BEGIN
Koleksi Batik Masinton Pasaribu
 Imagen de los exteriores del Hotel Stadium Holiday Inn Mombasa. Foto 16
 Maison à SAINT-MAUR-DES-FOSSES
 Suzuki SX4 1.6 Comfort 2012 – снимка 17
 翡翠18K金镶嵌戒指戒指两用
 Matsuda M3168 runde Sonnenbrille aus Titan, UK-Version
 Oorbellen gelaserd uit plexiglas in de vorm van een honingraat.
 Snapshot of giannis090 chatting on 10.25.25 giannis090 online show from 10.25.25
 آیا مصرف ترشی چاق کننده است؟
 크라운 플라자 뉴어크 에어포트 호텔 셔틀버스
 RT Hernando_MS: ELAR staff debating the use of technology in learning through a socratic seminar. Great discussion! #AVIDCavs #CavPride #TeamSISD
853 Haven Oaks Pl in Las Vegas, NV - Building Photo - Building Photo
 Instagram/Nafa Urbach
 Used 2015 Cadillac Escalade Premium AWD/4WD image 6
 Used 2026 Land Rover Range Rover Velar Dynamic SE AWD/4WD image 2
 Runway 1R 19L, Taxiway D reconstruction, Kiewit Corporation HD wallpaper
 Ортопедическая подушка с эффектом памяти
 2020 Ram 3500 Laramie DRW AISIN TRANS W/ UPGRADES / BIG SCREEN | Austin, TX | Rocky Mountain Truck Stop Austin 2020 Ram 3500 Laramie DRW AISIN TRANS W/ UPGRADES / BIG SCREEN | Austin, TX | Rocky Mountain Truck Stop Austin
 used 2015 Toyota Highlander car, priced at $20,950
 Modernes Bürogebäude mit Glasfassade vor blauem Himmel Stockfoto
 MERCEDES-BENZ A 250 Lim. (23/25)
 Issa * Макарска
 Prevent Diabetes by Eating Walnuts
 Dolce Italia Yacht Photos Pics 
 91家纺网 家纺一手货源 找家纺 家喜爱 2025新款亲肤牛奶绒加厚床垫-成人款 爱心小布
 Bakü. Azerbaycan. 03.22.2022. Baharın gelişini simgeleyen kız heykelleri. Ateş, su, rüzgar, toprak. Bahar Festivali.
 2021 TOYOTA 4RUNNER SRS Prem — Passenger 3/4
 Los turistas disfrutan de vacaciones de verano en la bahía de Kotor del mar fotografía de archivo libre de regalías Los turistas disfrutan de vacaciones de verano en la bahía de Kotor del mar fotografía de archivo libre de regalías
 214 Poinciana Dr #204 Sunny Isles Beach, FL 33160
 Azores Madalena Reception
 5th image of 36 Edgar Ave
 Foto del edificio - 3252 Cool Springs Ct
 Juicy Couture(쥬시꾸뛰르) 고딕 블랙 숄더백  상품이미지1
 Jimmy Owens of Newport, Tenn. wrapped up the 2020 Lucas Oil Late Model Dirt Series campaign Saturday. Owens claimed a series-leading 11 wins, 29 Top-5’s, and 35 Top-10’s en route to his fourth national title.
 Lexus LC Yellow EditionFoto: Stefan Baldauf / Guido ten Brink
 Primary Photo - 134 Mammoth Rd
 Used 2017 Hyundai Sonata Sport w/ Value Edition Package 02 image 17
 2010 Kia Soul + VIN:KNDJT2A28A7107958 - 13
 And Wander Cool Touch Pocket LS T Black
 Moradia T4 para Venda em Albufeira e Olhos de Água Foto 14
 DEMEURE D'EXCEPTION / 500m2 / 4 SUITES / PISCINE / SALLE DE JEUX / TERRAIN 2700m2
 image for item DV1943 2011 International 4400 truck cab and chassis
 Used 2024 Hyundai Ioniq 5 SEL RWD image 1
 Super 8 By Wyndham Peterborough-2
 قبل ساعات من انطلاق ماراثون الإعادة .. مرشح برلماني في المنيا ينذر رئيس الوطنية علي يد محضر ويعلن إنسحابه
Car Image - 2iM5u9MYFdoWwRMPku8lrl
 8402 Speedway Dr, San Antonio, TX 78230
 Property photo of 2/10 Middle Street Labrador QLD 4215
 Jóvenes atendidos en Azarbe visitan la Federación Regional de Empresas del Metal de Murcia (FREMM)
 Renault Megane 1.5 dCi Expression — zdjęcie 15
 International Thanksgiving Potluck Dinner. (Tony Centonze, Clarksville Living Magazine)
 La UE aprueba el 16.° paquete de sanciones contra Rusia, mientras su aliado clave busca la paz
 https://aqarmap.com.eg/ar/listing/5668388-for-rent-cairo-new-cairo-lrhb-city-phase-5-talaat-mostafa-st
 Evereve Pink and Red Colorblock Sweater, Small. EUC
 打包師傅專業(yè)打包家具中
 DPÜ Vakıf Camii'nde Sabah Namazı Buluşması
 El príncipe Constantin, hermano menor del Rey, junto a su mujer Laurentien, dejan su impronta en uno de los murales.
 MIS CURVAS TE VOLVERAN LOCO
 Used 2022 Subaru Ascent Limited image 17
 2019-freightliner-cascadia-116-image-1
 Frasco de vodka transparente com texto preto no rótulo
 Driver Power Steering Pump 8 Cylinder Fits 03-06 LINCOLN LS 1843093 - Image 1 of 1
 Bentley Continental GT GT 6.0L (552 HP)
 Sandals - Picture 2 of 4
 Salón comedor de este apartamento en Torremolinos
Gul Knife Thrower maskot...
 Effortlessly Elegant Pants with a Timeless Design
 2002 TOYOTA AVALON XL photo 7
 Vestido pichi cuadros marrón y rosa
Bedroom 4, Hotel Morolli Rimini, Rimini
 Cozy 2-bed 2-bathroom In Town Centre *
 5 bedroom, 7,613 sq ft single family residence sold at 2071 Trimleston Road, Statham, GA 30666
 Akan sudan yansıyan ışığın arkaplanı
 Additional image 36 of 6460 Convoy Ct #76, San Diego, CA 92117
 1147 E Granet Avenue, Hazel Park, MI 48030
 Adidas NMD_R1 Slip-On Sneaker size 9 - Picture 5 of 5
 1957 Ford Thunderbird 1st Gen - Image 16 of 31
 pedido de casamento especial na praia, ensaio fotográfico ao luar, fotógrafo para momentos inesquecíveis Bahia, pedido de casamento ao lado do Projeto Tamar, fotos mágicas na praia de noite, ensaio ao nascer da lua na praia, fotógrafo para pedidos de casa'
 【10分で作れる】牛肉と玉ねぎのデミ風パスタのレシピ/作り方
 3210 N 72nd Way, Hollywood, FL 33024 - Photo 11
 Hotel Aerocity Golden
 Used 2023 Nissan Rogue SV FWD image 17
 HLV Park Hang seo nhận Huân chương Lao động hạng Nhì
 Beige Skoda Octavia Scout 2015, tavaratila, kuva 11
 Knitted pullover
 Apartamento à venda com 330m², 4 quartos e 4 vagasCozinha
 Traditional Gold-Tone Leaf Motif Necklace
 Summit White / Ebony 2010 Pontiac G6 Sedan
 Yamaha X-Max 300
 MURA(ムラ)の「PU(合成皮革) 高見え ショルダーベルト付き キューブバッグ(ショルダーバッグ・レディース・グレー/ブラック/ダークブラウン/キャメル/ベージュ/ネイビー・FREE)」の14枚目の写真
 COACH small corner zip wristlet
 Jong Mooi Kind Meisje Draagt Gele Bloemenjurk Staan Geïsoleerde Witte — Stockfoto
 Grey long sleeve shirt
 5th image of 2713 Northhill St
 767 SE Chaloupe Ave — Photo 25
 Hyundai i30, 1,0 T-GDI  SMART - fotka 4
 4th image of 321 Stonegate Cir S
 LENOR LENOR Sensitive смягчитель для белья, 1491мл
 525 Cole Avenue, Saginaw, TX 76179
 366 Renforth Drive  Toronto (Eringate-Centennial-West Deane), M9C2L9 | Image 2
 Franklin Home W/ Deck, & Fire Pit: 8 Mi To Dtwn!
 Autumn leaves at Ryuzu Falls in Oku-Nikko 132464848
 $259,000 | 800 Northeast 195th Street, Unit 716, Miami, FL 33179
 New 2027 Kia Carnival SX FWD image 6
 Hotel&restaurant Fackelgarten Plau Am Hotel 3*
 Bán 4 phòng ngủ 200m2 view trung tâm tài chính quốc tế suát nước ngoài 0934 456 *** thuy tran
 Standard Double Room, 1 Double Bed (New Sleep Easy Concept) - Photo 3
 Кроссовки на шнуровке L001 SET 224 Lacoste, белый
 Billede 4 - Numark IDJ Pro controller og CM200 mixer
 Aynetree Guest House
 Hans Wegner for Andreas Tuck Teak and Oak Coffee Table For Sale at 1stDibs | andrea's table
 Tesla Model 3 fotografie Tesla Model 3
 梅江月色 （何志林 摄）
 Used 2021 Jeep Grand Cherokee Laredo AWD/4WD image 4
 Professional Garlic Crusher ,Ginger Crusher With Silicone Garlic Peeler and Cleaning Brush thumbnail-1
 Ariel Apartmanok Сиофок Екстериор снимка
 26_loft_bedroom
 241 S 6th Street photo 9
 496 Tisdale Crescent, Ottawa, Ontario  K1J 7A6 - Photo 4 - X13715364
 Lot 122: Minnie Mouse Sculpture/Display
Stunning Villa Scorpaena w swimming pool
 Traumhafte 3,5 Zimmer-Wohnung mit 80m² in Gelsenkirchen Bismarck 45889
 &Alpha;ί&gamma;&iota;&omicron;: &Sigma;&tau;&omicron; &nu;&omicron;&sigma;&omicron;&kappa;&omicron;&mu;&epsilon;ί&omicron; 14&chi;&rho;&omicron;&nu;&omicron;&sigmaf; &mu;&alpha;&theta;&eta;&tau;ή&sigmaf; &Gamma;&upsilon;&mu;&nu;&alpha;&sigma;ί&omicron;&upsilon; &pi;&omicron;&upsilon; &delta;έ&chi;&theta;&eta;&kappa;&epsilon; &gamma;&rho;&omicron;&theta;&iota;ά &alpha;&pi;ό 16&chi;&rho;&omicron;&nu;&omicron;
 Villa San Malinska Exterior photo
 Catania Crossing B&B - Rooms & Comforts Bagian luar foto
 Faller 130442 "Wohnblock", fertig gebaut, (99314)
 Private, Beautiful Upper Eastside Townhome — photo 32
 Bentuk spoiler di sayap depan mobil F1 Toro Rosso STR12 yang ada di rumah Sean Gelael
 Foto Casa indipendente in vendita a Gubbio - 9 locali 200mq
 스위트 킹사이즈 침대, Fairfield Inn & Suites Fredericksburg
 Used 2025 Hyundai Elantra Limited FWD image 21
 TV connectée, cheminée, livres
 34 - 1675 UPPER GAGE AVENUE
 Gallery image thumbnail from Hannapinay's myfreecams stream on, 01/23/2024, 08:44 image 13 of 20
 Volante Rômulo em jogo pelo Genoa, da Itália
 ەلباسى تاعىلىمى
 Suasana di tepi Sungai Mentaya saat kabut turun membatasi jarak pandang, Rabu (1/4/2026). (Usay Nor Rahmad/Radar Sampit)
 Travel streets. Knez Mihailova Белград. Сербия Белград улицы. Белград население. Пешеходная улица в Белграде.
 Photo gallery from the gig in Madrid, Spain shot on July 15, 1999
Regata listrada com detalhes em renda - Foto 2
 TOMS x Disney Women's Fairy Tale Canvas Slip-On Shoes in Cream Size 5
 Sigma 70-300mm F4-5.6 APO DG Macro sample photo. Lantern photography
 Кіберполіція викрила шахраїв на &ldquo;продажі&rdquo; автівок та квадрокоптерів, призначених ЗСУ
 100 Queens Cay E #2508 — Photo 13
END
■ **Exercise description**:
Will you return exactly the lines above from the one with "Gul Knife Thrower maskot..." down to the one with "Akan sudan yansıyan ışığın arkaplanı", counting both as part of the range?

■ **Solution**:
Gul Knife Thrower maskot...
 Effortlessly Elegant Pants with a Timeless Design
 2002 TOYOTA AVALON XL photo 7
 Vestido pichi cuadros marrón y rosa
Bedroom 4, Hotel Morolli Rimini, Rimini
 Cozy 2-bed 2-bathroom In Town Centre *
 5 bedroom, 7,613 sq ft single family residence sold at 2071 Trimleston Road, Statham, GA 30666
 Akan sudan yansıyan ışığın arkaplanı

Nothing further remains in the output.